VARS[SPOOF_PROTECTION]="${SPOOF_PROTECTION:=0}"

We don't, and there is a blocker issue / discussion as to why when it was last attempted to default that.

Besides, the user1@domainA.com and user2@domainA.com would also be considered spoofing by default, unless an account was configured to permit the other as well (which I don't think we have any support for configuring via setup, nor docs to guide users how to do it manually).


I haven't read the discussion in full, so I'm probably missing some context. I can understand @some-user123 expectation for a single user account that manages multiple domains, especially with the same local part of the address (eg: user1).

DMS creates accounts in Dovecot with the full address IIRC, but that's technically not required for login. An account could be agnostic to addresses it receives mail for and can send as. A more common scenario might be an alias marketing@example.com that goes to multiple recipients in the marketing department, each sending mail out as a different user @example.com 🤷‍♂️

Perhaps in that case, you have several domains, each with their own marketing alias address. If DMS isn't where the mailbox is for the recipients, then it sends mail out to recipients that may be at a different domain. I am not familiar enough with DKIM, but assume that requires signing (probably not the same as what was discussed above).
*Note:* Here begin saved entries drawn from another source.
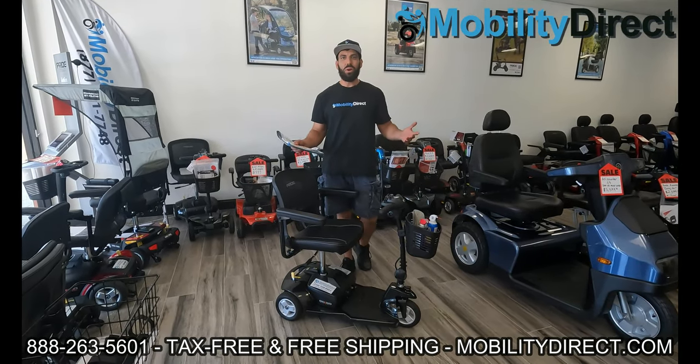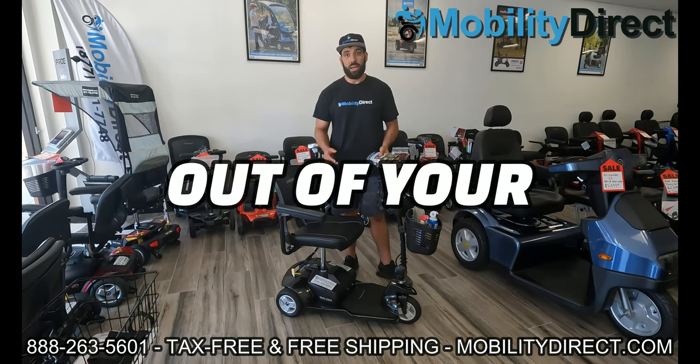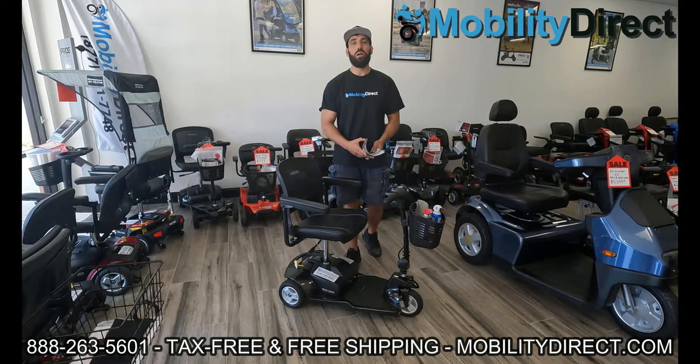Hi everybody, I'm Sergio and welcome to our YouTube channel. In today's video we're going to show you a couple of maintenance tips to get the most out of your mobility scooter. So if you're looking to get your mobility scooter to last a long time, these are the tips you're going to want to follow along with.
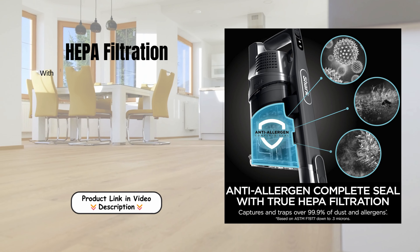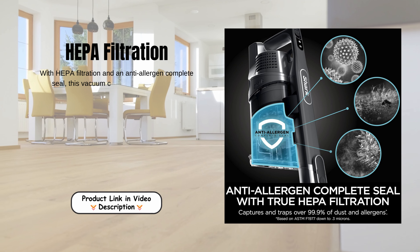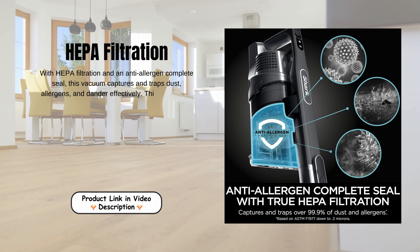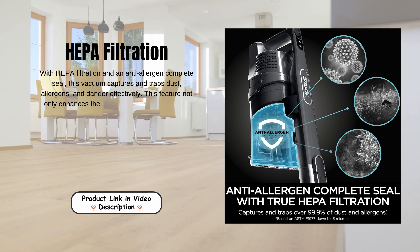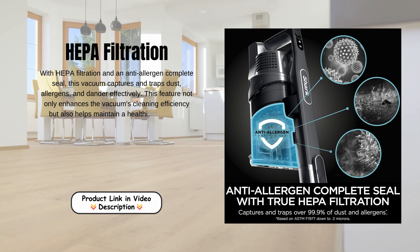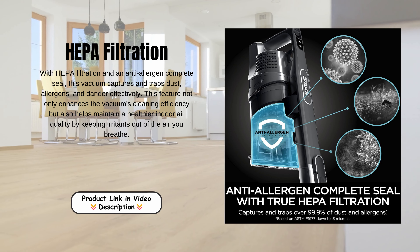HEPA filtration. With HEPA filtration and an anti-allergen complete seal, this vacuum captures and traps dust, allergens, and dander effectively. This feature not only enhances the vacuum's cleaning efficiency, but also helps maintain a healthier indoor air quality by keeping irritants out of the air you breathe.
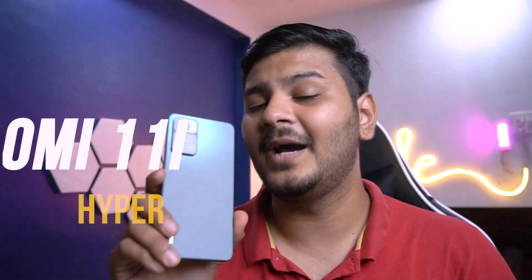Welcome back to the channel guys. Today is 10th March, and we are going to talk about the Xiaomi 11i HyperCharge after 45 days of usage. This video's first unboxing was on 25th January, and today is 10th March, so almost 44-45 days. I'm going to give you an in-depth look at this phone.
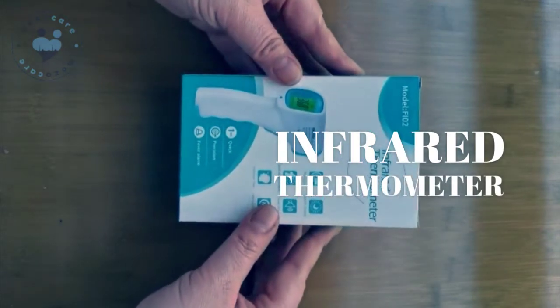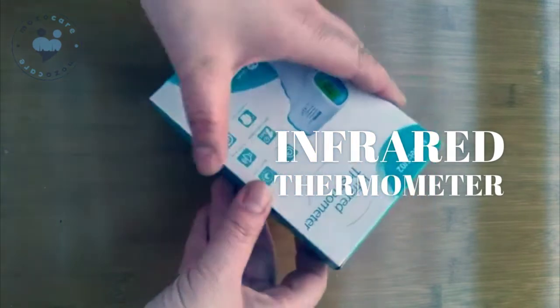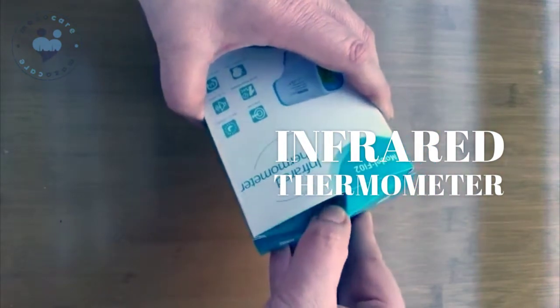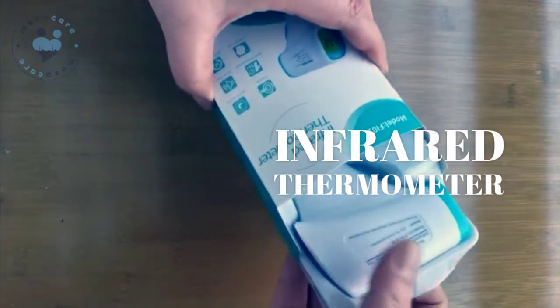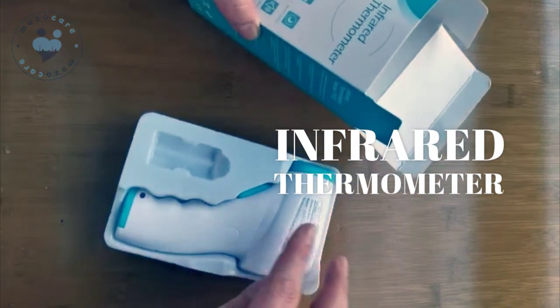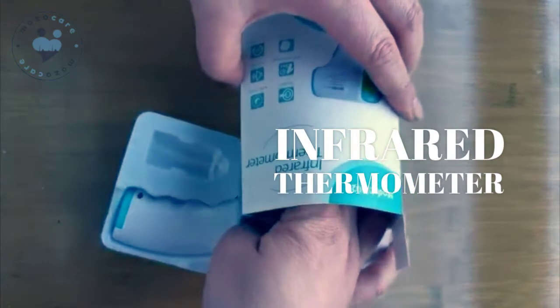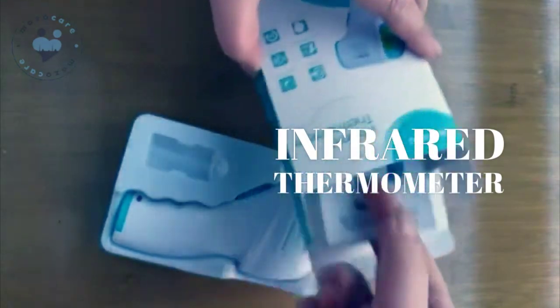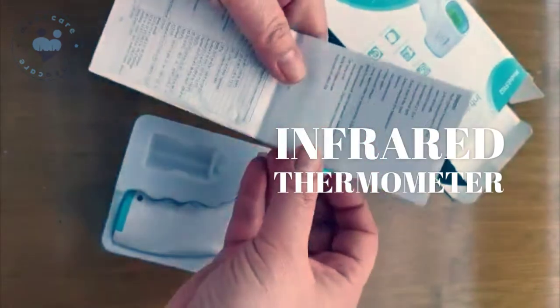This is the thermometer. I want to show you how to use it — open the box. This is the machine inside. We can also find the instruction manual in English, which you can read in detail.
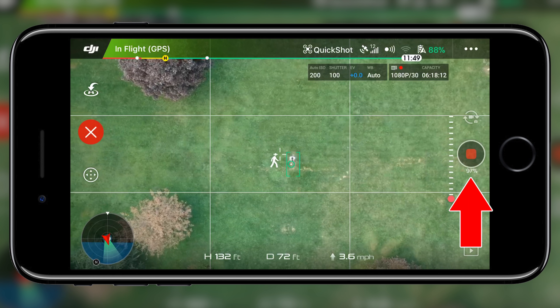The final quick shot is Droney, which essentially flies the Spark backwards and upwards simultaneously while keeping the camera locked on the subject of your choice. After you lock onto the subject and press Go, the Spark begins its course. Just like the rest of the quick shots, you can cancel by tapping the red X on the left and view the progress percentage underneath the record and shutter button. If you wish to change the distance, tap the Droney icon a second time.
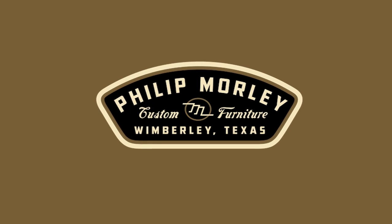Hi, I'm Phil Morley. My company is Philip Morley Furniture and this is my channel.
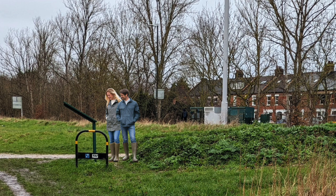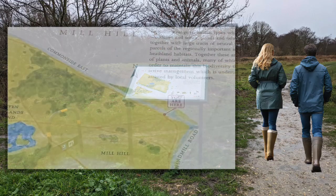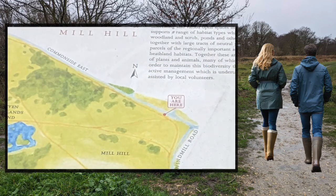If you haven't walked on Mitcham Common before, start where there is an information panel, like this one near Common Side East and Manor Road. The panel has a map showing where you are.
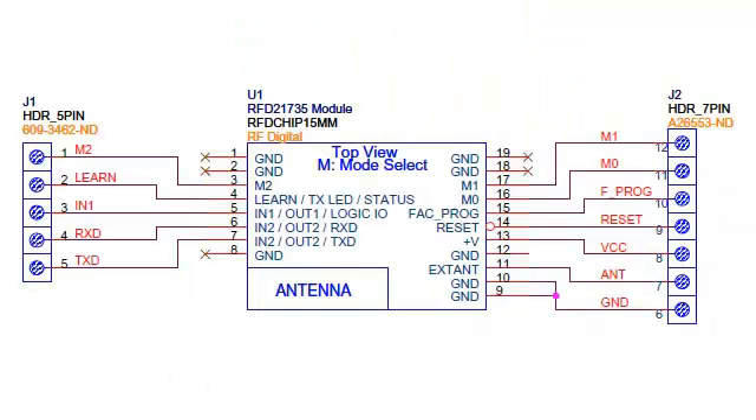Wiring is extremely simple. Here is a schematic pinout showing the exact top view of the layout.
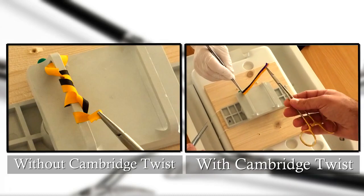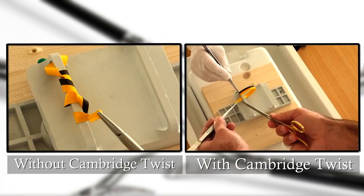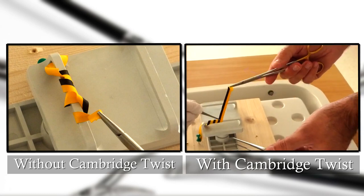On the right side of the screen, the needle holder is turned after every pass. This results in a smooth running suture.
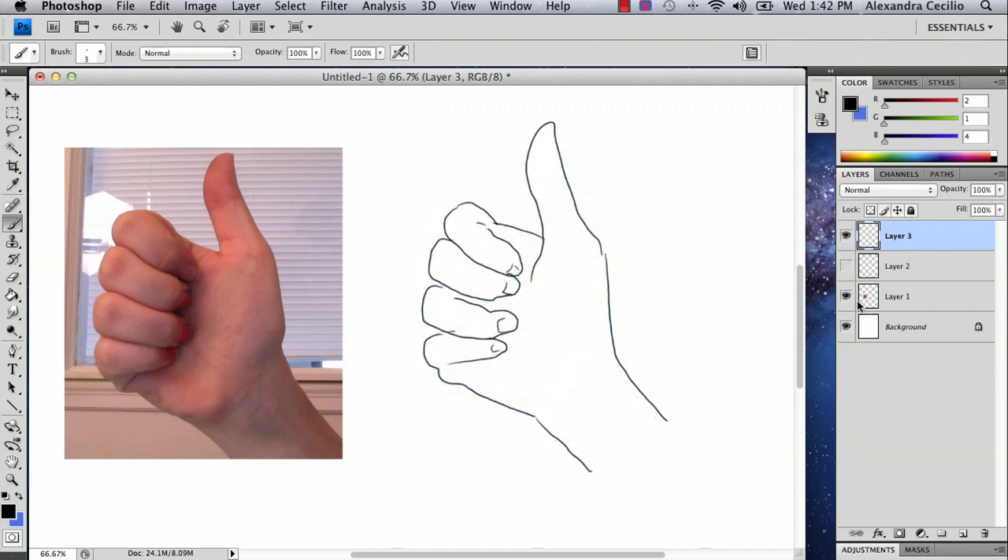You can erase the bottom guide layer. I'm going to erase the fingernails. But that's your basic shape and you can go back in and erase and fix what you think doesn't look right. In the end you'll have your basic thumbs up shape. My name is Alex Cecilio and this is how you draw a thumbs up in Photoshop. Thank you.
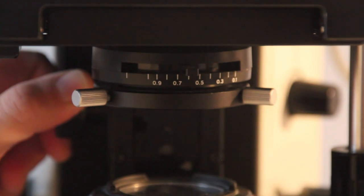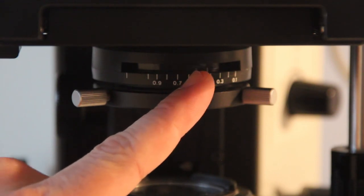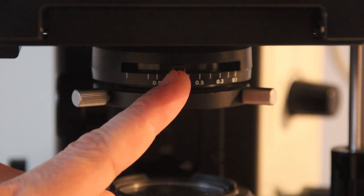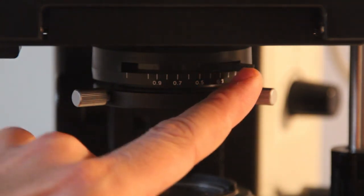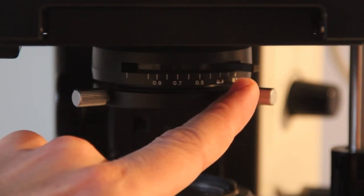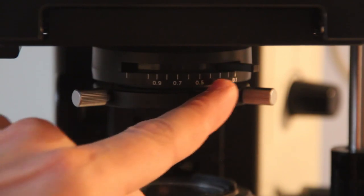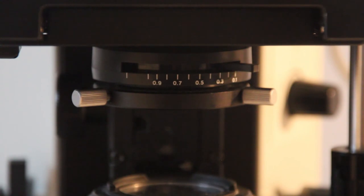Now it's time to adjust the condenser aperture diaphragm. There is a horizontal lever in front that can be moved towards the left and towards the right. For focusing, it's best to move the lever all the way to the right towards the position labeled 0.1. By moving it all the way to this position we both increase the depth of field and we also increase the contrast, which makes focusing much easier.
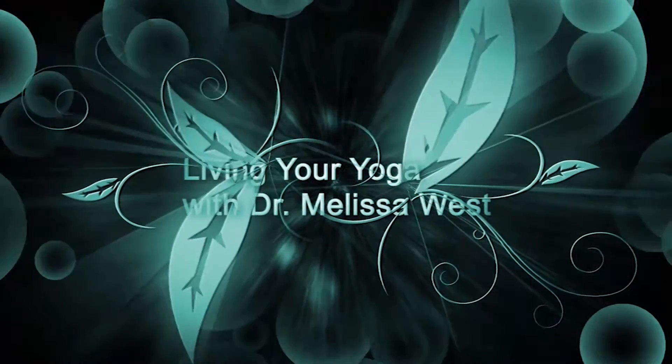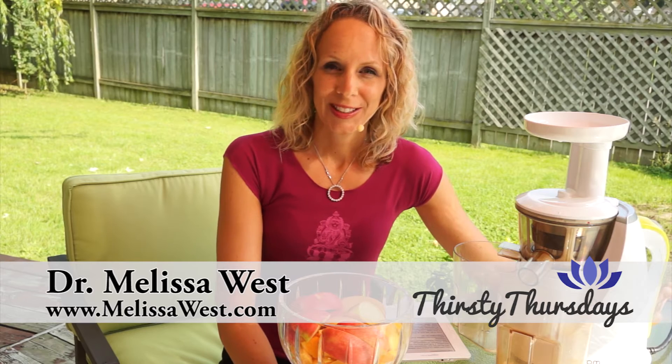Today we're making a yummy anti-inflammatory juice. Hi, I'm Dr. Melissa West and welcome to Thirsty Thursdays. I'm so excited to share with you the recipe I have today — actually both Tim and Trinity are really excited to try this juice too. They've been waiting for me to make it on today's video. This was a request from one of our open-hearted graduates, Lisa, who filmed the Surya Namaskar A and B for our membership site. She requested an anti-inflammatory juice, and I went and did some research and found this juice in one of my juicing books. As soon as I saw it I thought, I have to make this for Thirsty Thursdays.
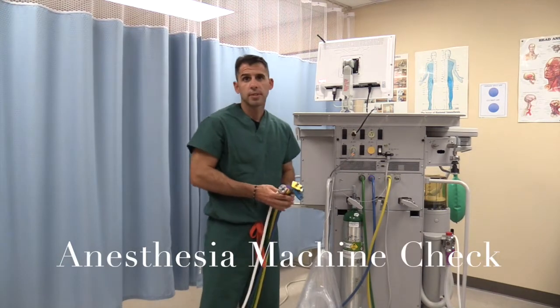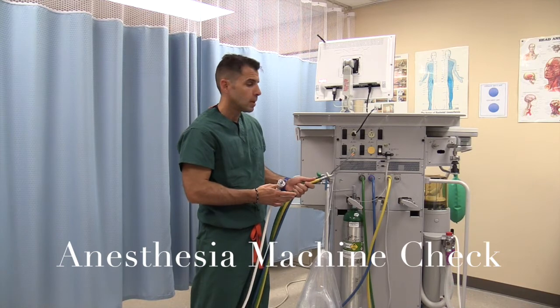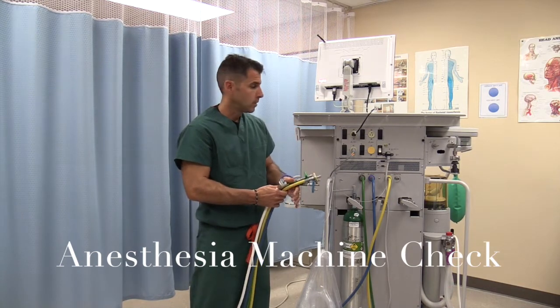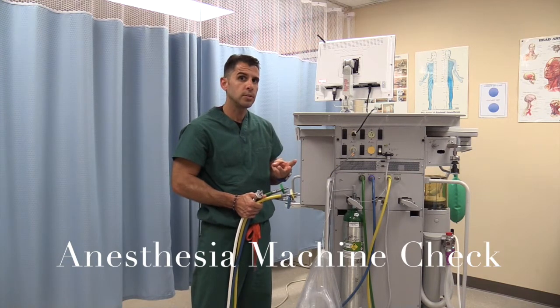Hello. The purpose of this video is to go over the anesthesia machine. When you go into an OR room, the first thing that you will do is check your anesthesia machine. There are three different things that you have to look at.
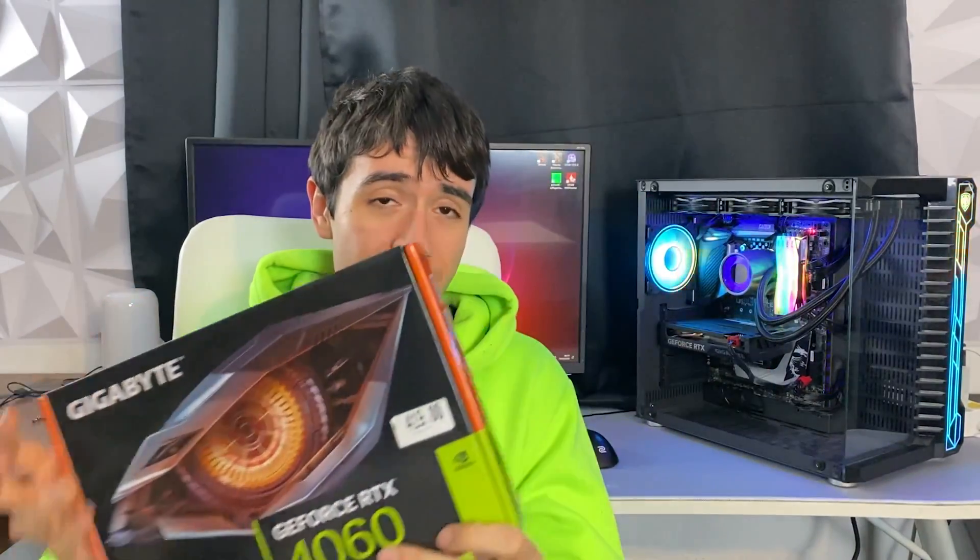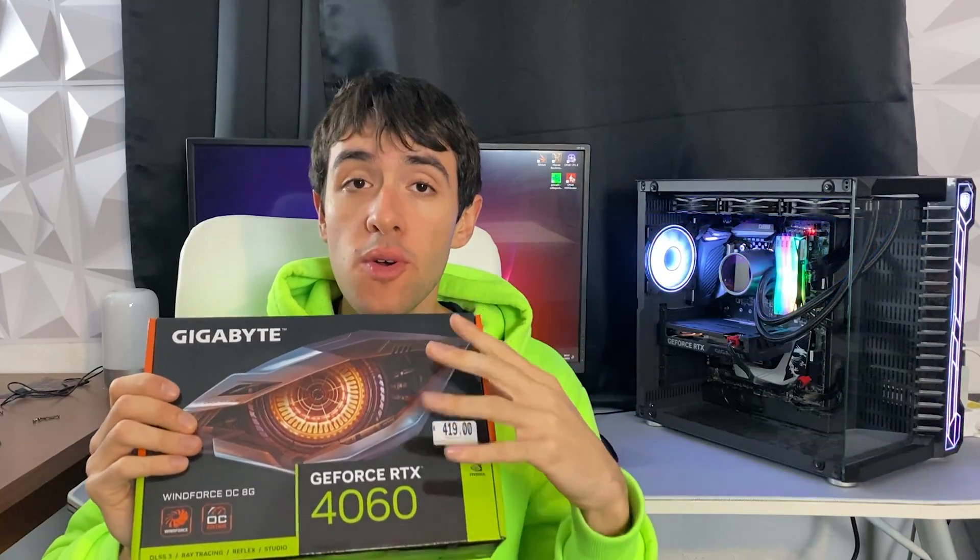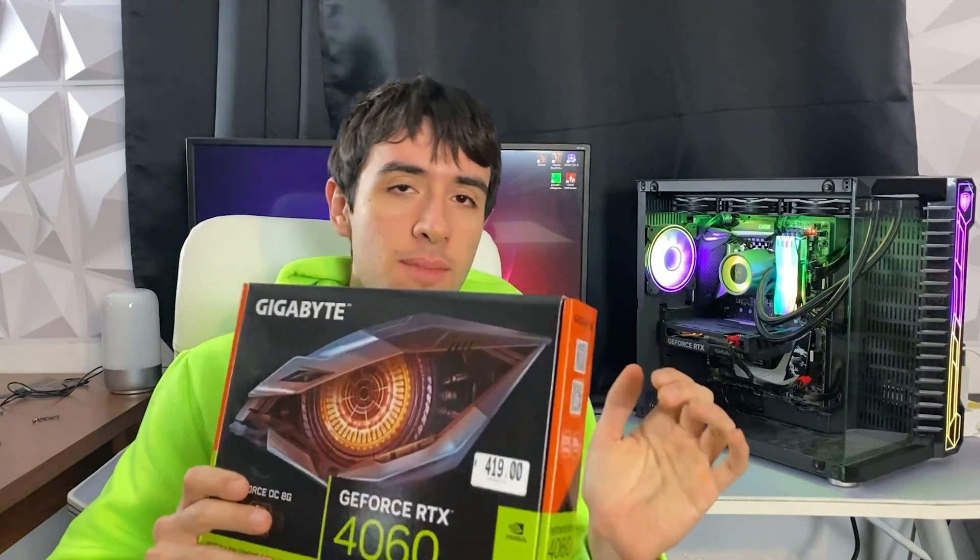After seeing the title of the video, you might think that I have eventually gone mad, but no — I might actually be recommending the RTX 4060 as a good card to use in an upgrade on your old gaming PC. Surprisingly, because I really didn't think I would have been making this recommendation. Let me give you some context.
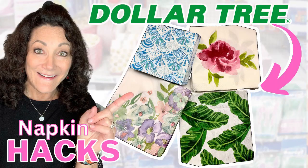Hi there, I'm Lisa Marie. Welcome or welcome back. Today we're going to do some Dollar Tree DIY crafts on a budget using Dollar Tree napkins.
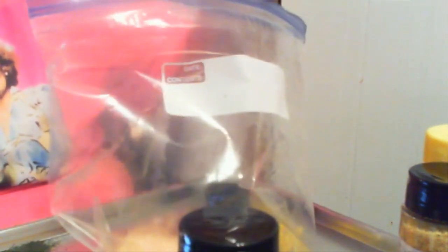Then you need garlic powder, and you need two tablespoons of this. That's one, and two.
What about a use-case where several services send mail for password resets and the like through DMS. DMS may likewise be configured to go through a relay host like SendGrid, where you have a single account with credentials. The same can be done with DMS, where your services authenticate on port 587/465 with a single SASL account, but use different sender addresses / domains. Even with SPOOF_PROTECTION=1 you could specifically allow those to all go through the same SASL login managed by Dovecot.